Wiener plans to introduce a resolution [PDF] at today’s Board of Supervisors meeting calling on the SF Municipal Transportation Agency to move beyond the pilot being planned by the Bay Area Air Quality Management District and launch a citywide bike-share system by 2014. American cities including New York, Chicago, Portland, and Los Angeles are all expected to launch their respective systems by then.

Scott Wiener at Bike to Work Day 2011. Photo: Dyami Serna, SFBC
“All over the world, cities are recognizing the tremendous value of city-wide bike-share programs in reducing traffic, improving public transit and stimulating the local economy,” Wiener said in a statement. “Here in San Francisco, we should be doing everything we can to establish and start reaping the benefits from a full-scale bike share program.”

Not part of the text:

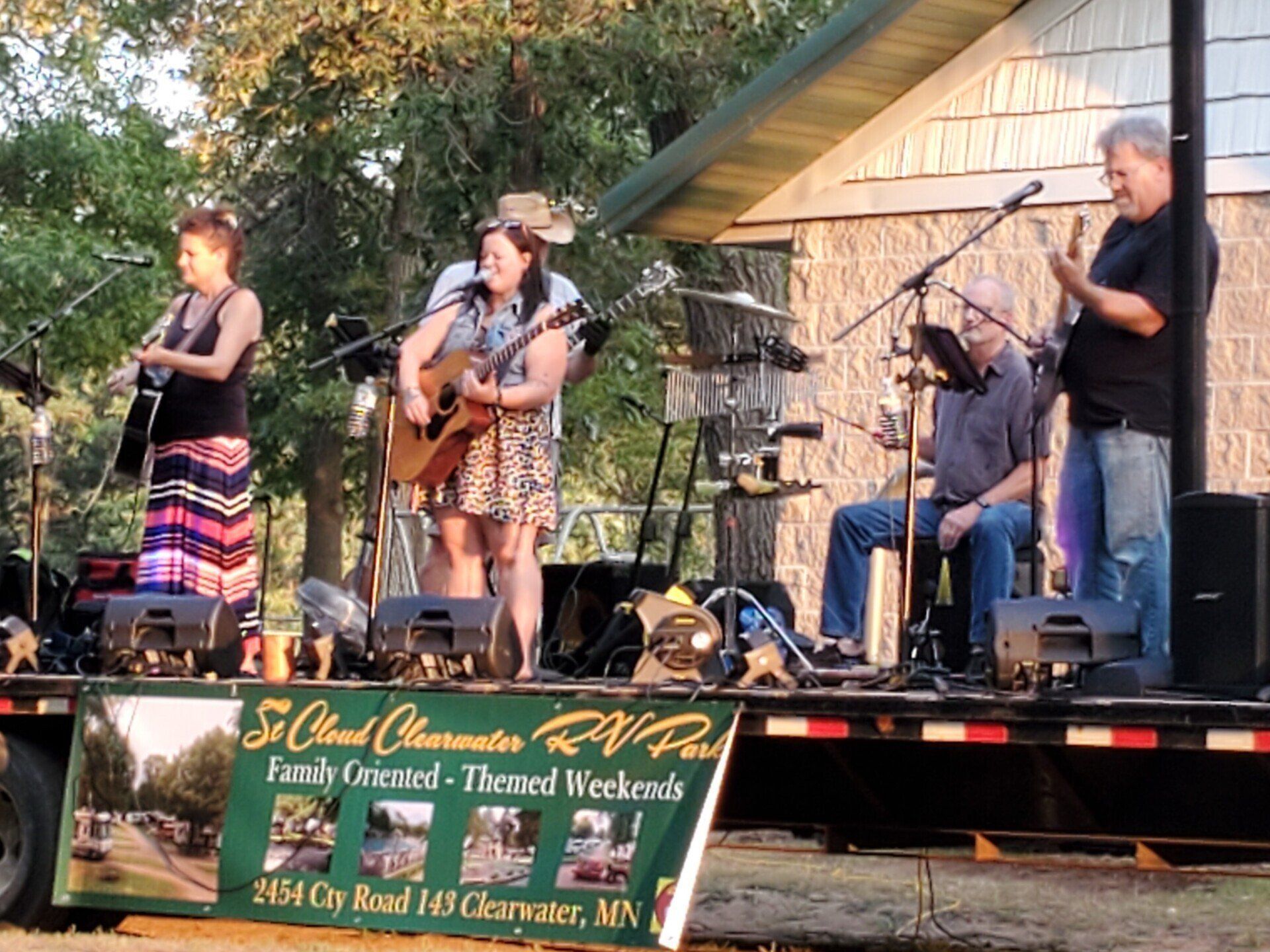 A group of people playing instruments on a stage in front of a sign that says st cloud community rv park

Bike-share, which the SFMTA has called one of the most cost-effective ways to increase bike ridership, was originally promised to launch in the spring of 2012 in five cities along the Peninsula, from San Francisco to San Jose. However, the BAAQMD has delayed the 1,000-bike pilot program, citing the general complexity of coordinating a regional system between five municipalities.
Karen Schkolnick, the BAAQMD’s grant programs manager, said the current launch date is set for this August, and that the pilot will initially only include 700 bikes, though the agency expects to deliver the full 1,000 bikes within the following six months. The reason, she said, is that the $7,000,000 program won’t be adequate to provide the 1,000-bike system as originally thought, and the agency hopes to get more funding from private sponsors with the initial 700-bike launch. “Basically, we used local funding to seed it,” she said.
Ultimately, said Schkolnick, the BAAQMD hopes the system will sustain itself on sponsorship funds and membership fees, and expand to the East Bay with as many as 10,000 bikes. But Wiener said he wants to make sure “we’re not just, in the future, waiting on the Air Board. I believe we should be pushing forward with our own expansion.”
“We know what we need here, and we need a lot more bike-sharing,” he said.